Под обстрелом к нам заскочил Султан — отец моей подруги Хавы.
В этот момент нас уже обстреливали орудиями с земли и бомбили с воздуха!
Наш двор — из нескольких четырехэтажных домов с мирными жителями — обрабатывали два самолета и один вертолет. Дом шатало. Гарь пожара мешала дышать. От взрывной волны с окна слетело одеяло, вылетели доски, и я увидела брюхо низко летящего вертолета, и подумала, что он похож на злую стрекозу. Это продолжалось с 18:00 до 20:00…
Младший брат Мансура смотрел на меня так, будто хотел запомнить навсегда…
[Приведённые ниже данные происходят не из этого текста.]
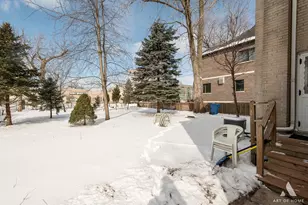 6908 N Mendota Ave, Chicago, IL 60646 - Photo 4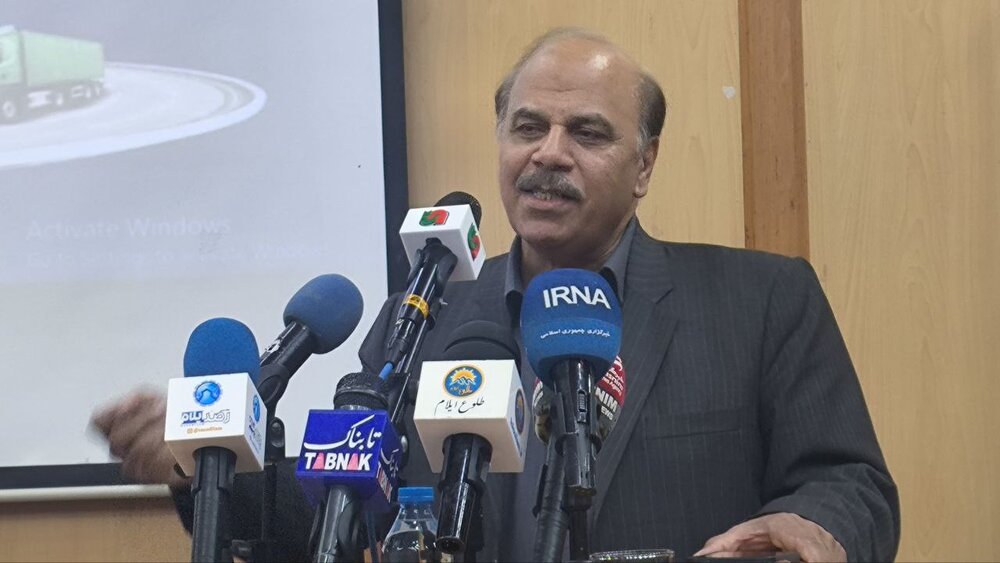 معاون وزیر راه: با وجود کمبود اتوبوس جابه‌جایی میلیونی زائران اربعین مدیریت شد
Тут (!) постучал сосед Сулейман — отец маленького Вахи и девочки Зары. Сулейман был сильно пьян. Видно, где-то нашел бутылку вина и налакался! Его жена и дети уехали. Он совсем один в своей квартире на третьем этаже. Но не в нашем доме, а в доме напротив. Сулейман много читает. Добродушный, веселый человек. Я никогда не видела его жестоким и злым. Видела беззащитно слабым. От выпитого спиртного он приобрел храбрости и начал звать нас выйти и посмотреть на пожары в садах. Это под адским обстрелом?!
Все дружно послали его далеко-далеко…
Мы
— Я кайфую! — кричал Сулейман в пустом дворе.
В неимоверном грохоте ему приходилось серьезно напрягать свои голосовые связки.
— Я кайфую! — слышали мы, лежа на полу в коридоре.
Слышали его голос то вдали, со стороны садов, то у своего подъезда, совсем рядом:
— Я служил в Советской армии… В ВДВ! Я не боюсь…
Мансур пробрался к буфету и включил песни Тимура Муцураева. Сделал сильный звук.
Наш испуганный шепот, взрывы, звуки выстрелов, рев самолетных моторов и голос певца вдруг объединились… стали музыкой войны!
Раздался торопливый стук в дверь. Пришел Аладдин!
Я подумала, что схожу с ума… Что это мерещиться… Он живым прошел через этот Ад! Как?! Такая бомбежка! А он добрался из горящего центра в наш район! Думал — мы голодаем!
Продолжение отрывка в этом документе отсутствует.